Recently, pooling layers have fallen out of favor. Some reasons are:

- Recent datasets are so big and complex we're more concerned about underfitting.
- Dropout is a much better regularizer.
- Pooling results in a loss of information. Think about the max pooling operation as an example. We only keep the largest of n numbers, thereby disregarding n-1 numbers completely.

**Example:**
- Given an input of shape 4x4x5 (HxWxD)
- Filter of shape 2x2 (HxW)
- A stride of 2 for both the height and width (S)
```python
new_height = (input_height - filter_height)/S + 1
new_width = (input_width - filter_width)/S + 1
```

**What's the shape of the output?**
- new_height = (4 - 2)/2 + 1 = 2
- new_width = (4 - 2)/2 + 1 = 2


In [24]:
input = tf.placeholder(tf.float32, (None, 4, 4, 5))
filter_shape = [1, 2, 2, 1]
strides = [1, 2, 2, 1]
padding = 'VALID'
pool = tf.nn.max_pool(input, filter_shape, strides, padding)

The output shape of pool will be [1, 2, 2, 5], even if padding is changed to 'SAME'.

# Convolutional Network in TensorFlow

- One structure of Convolutional network: A mix of convolutional layers and **max pooling**, followed by fully-connected layers.

### Dataset
- Import MNIST dataset and using a convenient TensorFlow function to batch, scale, and One-Hot encode the data.

In [25]:
import tensorflow as tf

from tensorflow.examples.tutorials.mnist import input_data
mnist = input_data.read_data_sets('.', one_hot=True, reshape=False)

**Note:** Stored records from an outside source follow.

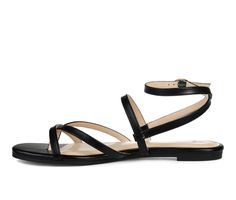 The Serissa sandals by Journee Collection are the ultimate summer go-to. This foot-framing fit features slender vegan leather crisscross straps and a dainty buckle closure. A tiny block-heel and a heavenly padded footbed finish this warm-weather companion. Vegan leather upper,Adjustable buckle closure for a custom and secure fit,Approx. 1/2 inch heel,Open toe,Padded footbed for added comfort,Durable manmade outsole | Women's Journee Collection Serissa Flat Sandals in Black Size 7 Medium Shoe Carnival, 2 Inch Heels, Womens Sandals Flat, Journee Collection, Flat Sandals, Warm Weather, Block Heels, Open Toe, Vegan Leather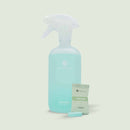 Eine Studioaufnahme, die eine durchscheinende, mattierte Sprühflasche für COSMEAU KÜCHENREINIGER mit einer hellblauen Flüssigkeit zeigt. Vor der Flasche befindet sich ein versiegelter Folienbeutel mit KÜCHE ZITRONE Reinigungs-Tabs und einer einzelnen hellblauen, sprudelnden Tablette im Vordergrund.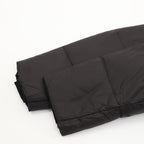 Black puffer jacket lower hem with quilted padding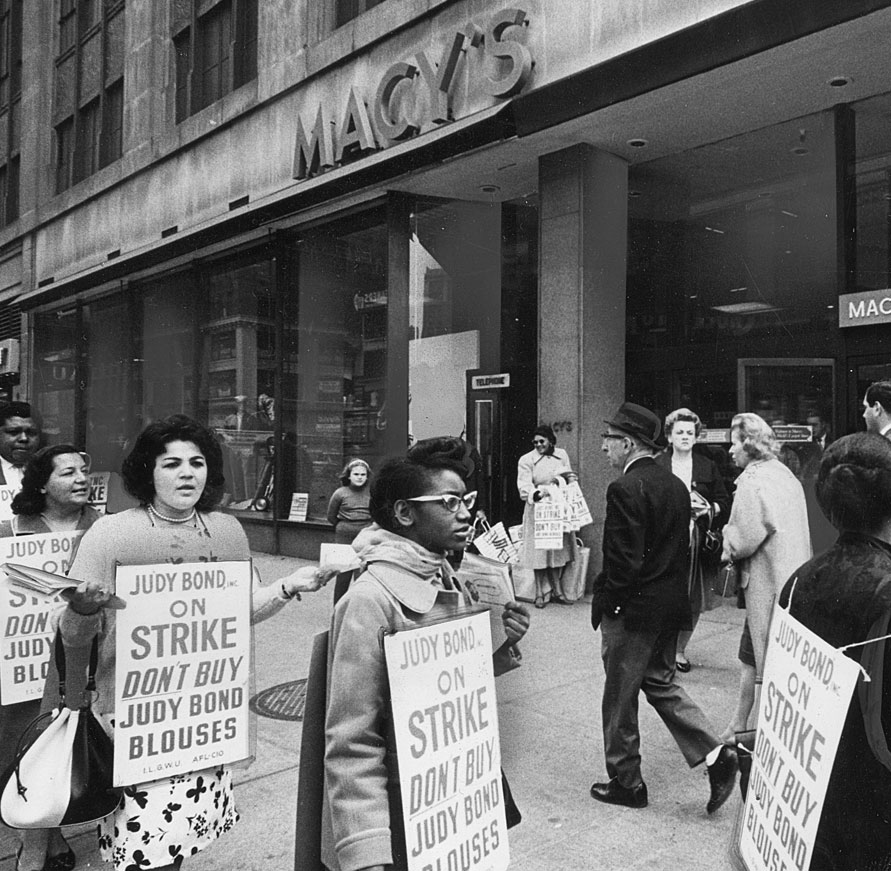 Picketing ILGWU members outside Macy's department store urge shoppers not to buy Judy Bond blouses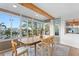 Sunroom dining area with large windows, a wood table and seating for six with outdoor views at 3225 Bluff Blvd, Holiday, FL 34691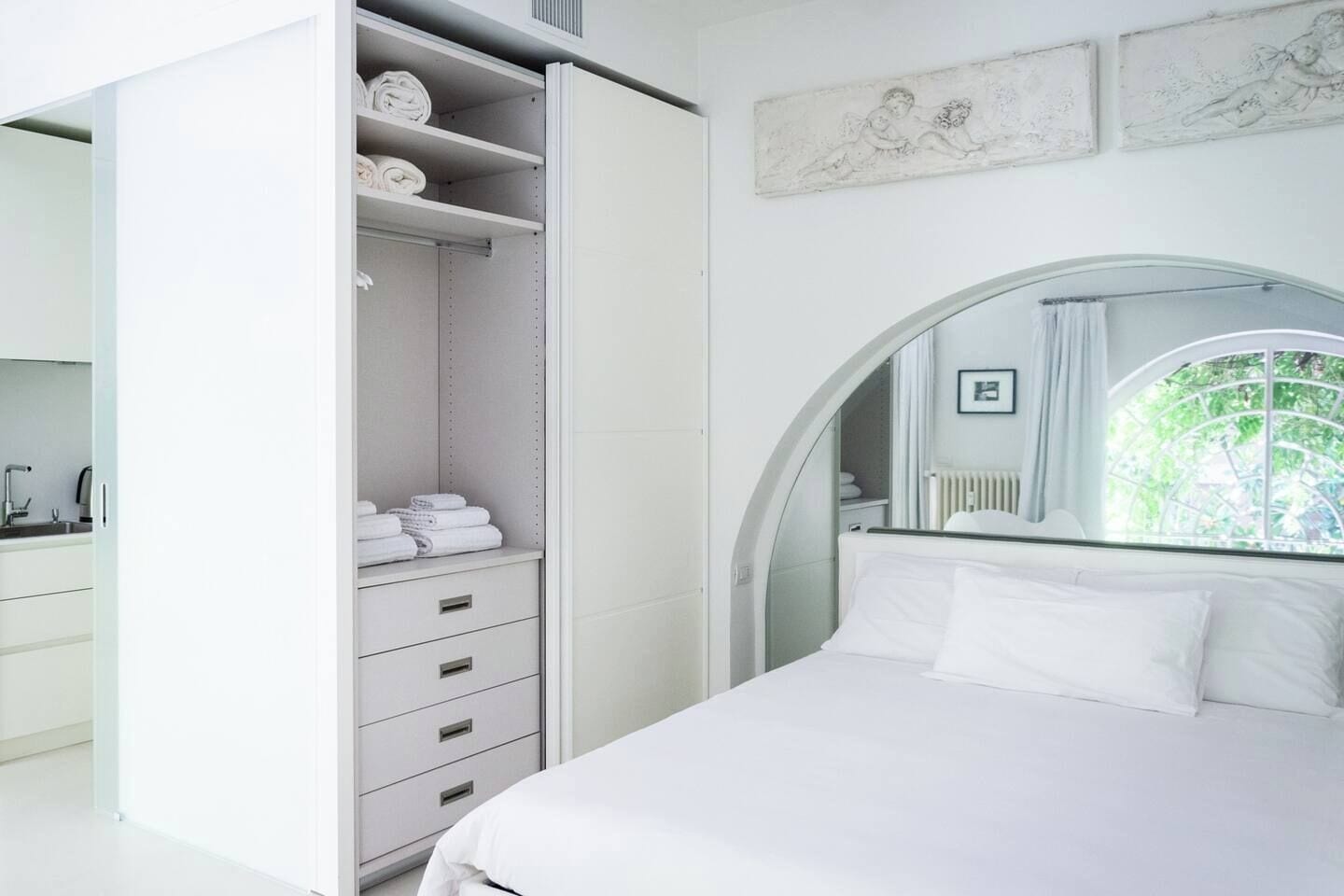 A modern bedroom with a large bed, a walk-in closet, and a view of greenery through a window.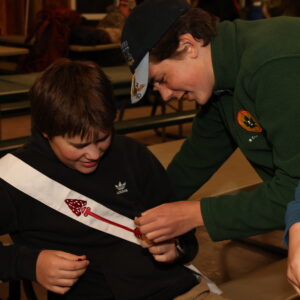 Order of the Arrow scouts check out the sash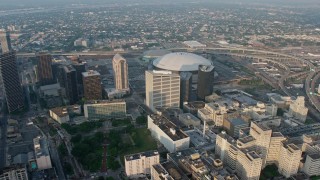 PVED01_041E - 4K aerial stock footage orbiting the Superdome in Downtown New Orleans, Louisiana at sunrise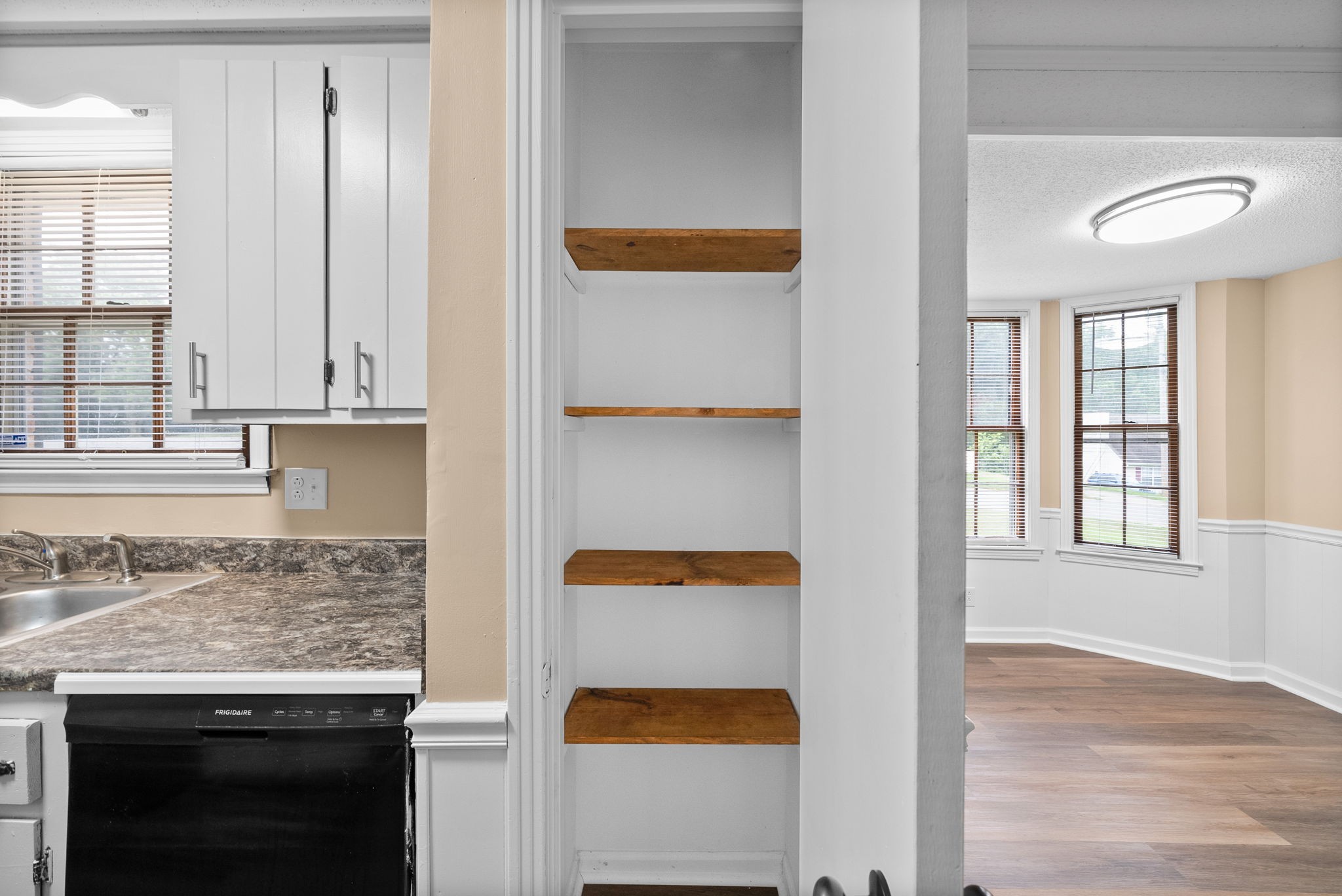 619 Ranch Hill Drive Clarksville, TN 37042 - Photo 17 of 32 a view of kitchen with wooden floor and window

Extracting ./train-images-idx3-ubyte.gz
Extracting ./train-labels-idx1-ubyte.gz
Extracting ./t10k-images-idx3-ubyte.gz
Extracting ./t10k-labels-idx1-ubyte.gz


### Weights and biases 

In [None]:
learning_rate = 0.00001
epochs = 10
batch_size = 128

# Number of samples to calculate validation and accuracy
test_valid_size = 256

# Network Parameters
n_classes = 10  # MNIST total classes (0-9 digits)
dropout = 0.75  # Dropout, probability to keep units

weights = {
    'wc1': tf.Variable(tf.random_normal([5, 5, 1, 32])),
    'wc2': tf.Variable(tf.random_normal([5, 5, 32, 64])),
    'wd1': tf.Variable(tf.random_normal([7*7*64, 1024])),
    'out': tf.Variable(tf.random_normal([1024, n_classes]))}

biases = {
    'bc1': tf.Variable(tf.random_normal([32])),
    'bc2': tf.Variable(tf.random_normal([64])),
    'bd1': tf.Variable(tf.random_normal([1024])),
    'out': tf.Variable(tf.random_normal([n_classes]))}

### Convolutions

- In TensorFlow, this is all done using **tf.nn.conv2d()** and **tf.nn.bias_add()**.

In [26]:
def conv2d(x, W, b, strides=1, padding='SAME'):
    y = tf.nn.conv2d(x, W, strides=[1, strides, strides, 1], padding=padding)
    y = tf.nn.bias_add(x, b)
    return tf.nn.relu(x)

In TensorFlow, strides is an array of 4 elements: 
- First element in this array indicates the stride for batch and last element indicates stride for features. 
- It's good practice to remove the batches or features you want to skip from the data set rather than use a stride to skip them. 
    - Hence set the first and last element to 1 in strides in order to use all batches and features.

- The middle two elements are the strides for height and width respectively. When someone says they are using a stride of 3, they usually mean `tf.nn.conv2d(x, W, strides=[1, 3, 3, 1])`

- To make life easier, the code is using `tf.nn.bias_add()` to add the bias.